Small Prophets finds Mackenzie Crook conjuring tiny prophetic beings from working-class malaise, writes STEPHEN ARNELL

Famulus Wagner and Mephistopheles with a Homunculus in a vial. Illustration for Johann Wolfgang von Goethe, Faust [Pic: Public domain]

MACKENZIE CROOK’S critically lauded BBC2 comedy Small Prophets has been credited with the creation of an entirely new subgenre; “magical social realism.” This combines aspects of folkloric sorcery with Mike Leigh’s forensically bleak (but often comedic) investigation of blue-collar life in these Isles.

Life in a northern town

The show depicts the mundane life of Michael Small (the excellent Pearce Quigley), trapped in a mournful existence since the mysterious disappearance of girlfriend Clea seven years ago on Christmas Eve, his Manchester house piled up with her boxed possessions, the Christmas tree still up in the living room. The tedious grind of low-wage employment is effectively depicted at the DIY store where Small works, although he manages to cock a snook at management, in the shape of Mckenzie Crook’s Gordon, fated to forever come off worse in the petty upbraidings he regularly administers to his droll underling.

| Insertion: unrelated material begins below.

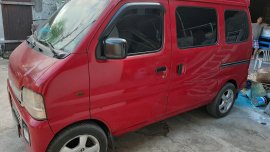 Red Suzuki Every 2012 for sale in Manila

So far, so not entirely groundbreaking, although far wittier than anything Ricky Gervais, Crook’s old boss from The Office, has ever come up with.

All the small things

The gamechanger appears when the equally excellent Michael Palin, as Small’s dad, old people’s home resident (and possible dementia sufferer), suggests a possible solution to the mystery of Clea’s disappearance and a cure for his son’s anhedonia. His suggestion, gleaned from his time spent in Egypt on national service, is the creation of truth-prophesying “Homunculi,” who can tell Small Jnr the fate of his Inamorata. And maybe make him a few quid through sports betting.

These tiny humanoid creatures represent the nexus point of ancient thaumaturgy and science; grown in large glass bottles using (according to lore) blood, horse manure and … semen, the latter believed at the time to contain microscopic human beings.

From then on Small Prophets becomes an entirely different proposition, although still grounded in the reality of Crook’s vision on Britain’s struggling-to-get-by working classes. The impish Homunculi, who take the forms of a King, Queen and Bishop, have to be treated with respect, but as long as the correct rituals are observed, and their jars sealed, will obey their creator/master.

Slightly like the relationship between Roper (Hugh Laurie) and his needy by-blow Teddy Dos Santos (Diego Calva ) in BBC1’s recent second season of The Night Manager. I guess.

We’ve only just begun

The origins of the Homunculi began with Zosimus in the third century AD, and the alchemical writings of Paracelsus (1493-1541), with the beings and their plant-based cousins, the Mandrakes, occupying a singular place in lore, continuing to be accepted as “real” for centuries; and may still be by some, for all I know.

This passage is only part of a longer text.